Our mini laboratory tests for pregnancy, malaria, STDs, glycemia and other illnesses or conditions

Status: ongoing

Malaria prevention

Malaria is one of the primary causes of infant mortality, after waterborne illnesses and malnutrition.  Mosquito nets, if used properly, are an effective measure greatly reducing malaria incidence.  

We distributed 400 mosquito nets in Ebagueye (2013) and in Couloubade (2014), 300 in Kijigari (2014), and 150 in Tangarwashane (2014).  We did this distribution with a nurse, to explain the importance of proper use of the mosquito nets in order to have them be efficient.  Every village reported a significant reduction in morbidity (at least 70%), and no mortalities due to malaria among the beneficiary families over the past two years.

Status: This project should be renewed as mosquito nets have a short life span in these conditions.  Also more families need to benefit from the project.


Sanitation goes hand in hand with hygiene and water distribution.  Given the lack of health education, our populations have a limited understanding of the importance of sanitation and health.  

We have focused our energy on

  1. maintaining the villages free of both human and animal excrements
  2. maintaining the areas around the boreholes, grain mills, etc. clean and free of contaminants
  3. reducing weeds, stagnant water, etc. that can attract flies and mosquitoes.  
  4. building latrines

Latrines are nearly non-existent in our villages.  Traditionally, people find it taboo to defecate on top of another person’s feces. When people live in camps and small villages, they can manage defecating far from the village, and latrines are less crucial.  However, as villages grow, people have a tendency to defecate closer to the village center, or in the village.  

We have therefore begun building latrines in the villages.

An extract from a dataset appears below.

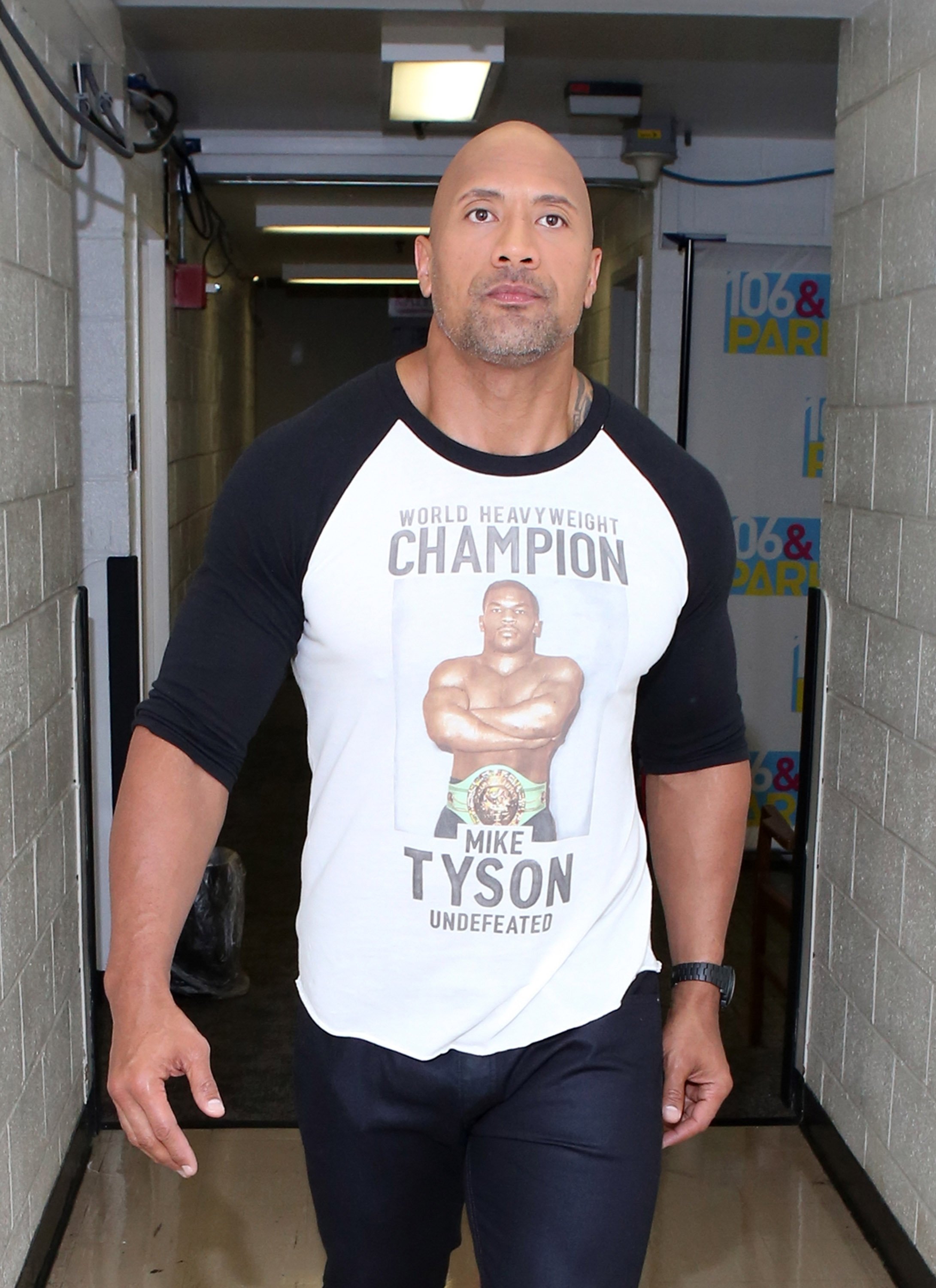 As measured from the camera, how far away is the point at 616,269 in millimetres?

We have built two four toilet latrines in Ebagueye, one for the men, one for the women (2013), and one four toilet latrine for the school of Couloubade (2014).  Many more are needed.  We focus on educating the school children so that using latrines and sanitation in general becomes a part of their day to day behavior.

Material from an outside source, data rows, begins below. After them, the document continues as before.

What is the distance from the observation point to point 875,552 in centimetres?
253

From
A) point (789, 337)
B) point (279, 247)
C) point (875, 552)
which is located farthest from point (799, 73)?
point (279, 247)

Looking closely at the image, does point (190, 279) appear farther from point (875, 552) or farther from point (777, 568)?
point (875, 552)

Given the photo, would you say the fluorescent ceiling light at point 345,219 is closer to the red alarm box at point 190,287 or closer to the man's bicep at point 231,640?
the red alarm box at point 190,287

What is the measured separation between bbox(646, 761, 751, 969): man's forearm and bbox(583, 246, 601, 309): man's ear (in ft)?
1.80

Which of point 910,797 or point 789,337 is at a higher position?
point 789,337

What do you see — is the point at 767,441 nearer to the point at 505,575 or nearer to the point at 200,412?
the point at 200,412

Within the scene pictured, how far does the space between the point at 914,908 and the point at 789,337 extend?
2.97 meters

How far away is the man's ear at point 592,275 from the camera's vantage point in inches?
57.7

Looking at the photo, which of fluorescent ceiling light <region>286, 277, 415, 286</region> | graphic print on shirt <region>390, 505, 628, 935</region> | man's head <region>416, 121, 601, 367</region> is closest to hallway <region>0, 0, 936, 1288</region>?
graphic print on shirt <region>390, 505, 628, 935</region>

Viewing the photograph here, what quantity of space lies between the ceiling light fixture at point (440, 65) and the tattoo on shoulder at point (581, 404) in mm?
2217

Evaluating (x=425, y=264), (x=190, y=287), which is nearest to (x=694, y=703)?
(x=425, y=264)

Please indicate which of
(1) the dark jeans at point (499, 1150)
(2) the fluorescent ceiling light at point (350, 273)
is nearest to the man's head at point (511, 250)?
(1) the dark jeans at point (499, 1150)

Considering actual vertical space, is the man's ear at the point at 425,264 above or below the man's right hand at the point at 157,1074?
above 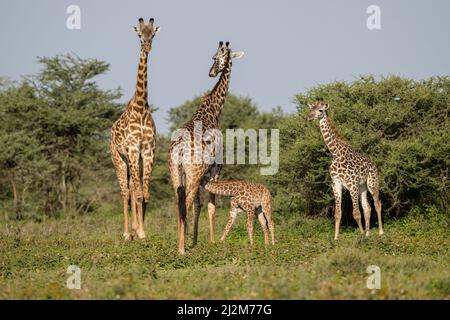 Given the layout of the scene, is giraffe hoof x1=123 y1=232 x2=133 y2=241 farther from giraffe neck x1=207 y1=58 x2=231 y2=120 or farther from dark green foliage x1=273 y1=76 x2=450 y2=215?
dark green foliage x1=273 y1=76 x2=450 y2=215

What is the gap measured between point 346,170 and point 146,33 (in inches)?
176

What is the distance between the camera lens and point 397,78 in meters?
19.5

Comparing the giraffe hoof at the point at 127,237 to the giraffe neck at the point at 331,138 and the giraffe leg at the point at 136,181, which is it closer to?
the giraffe leg at the point at 136,181

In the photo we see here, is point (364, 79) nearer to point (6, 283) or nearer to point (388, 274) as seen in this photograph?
point (388, 274)

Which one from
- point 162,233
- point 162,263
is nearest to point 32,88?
point 162,233

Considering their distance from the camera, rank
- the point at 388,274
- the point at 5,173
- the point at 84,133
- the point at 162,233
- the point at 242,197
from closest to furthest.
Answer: the point at 388,274 < the point at 242,197 < the point at 162,233 < the point at 5,173 < the point at 84,133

Status: While the latrines have been built, sanitation education is ongoing in all of our villages.  We would like to build many more latrines (subsize home latrines) in all our villages.

Kijigari In-Patient Care Unit  

Kijigari is one of our borehole villages, and happens to be one of the few communities with a health center.  The health center offers services to communities within a 50 mile or more vicinity.

The health center could not provide in-patient care due to lack of facilities.  We built a one room in-patient care facility early 2014.  The community is extremely grateful, as this has improved the quality of care given to more serious ailments and conditions.

Status: We would like to improve the center by adding on to it, and by contributing supplies and materials.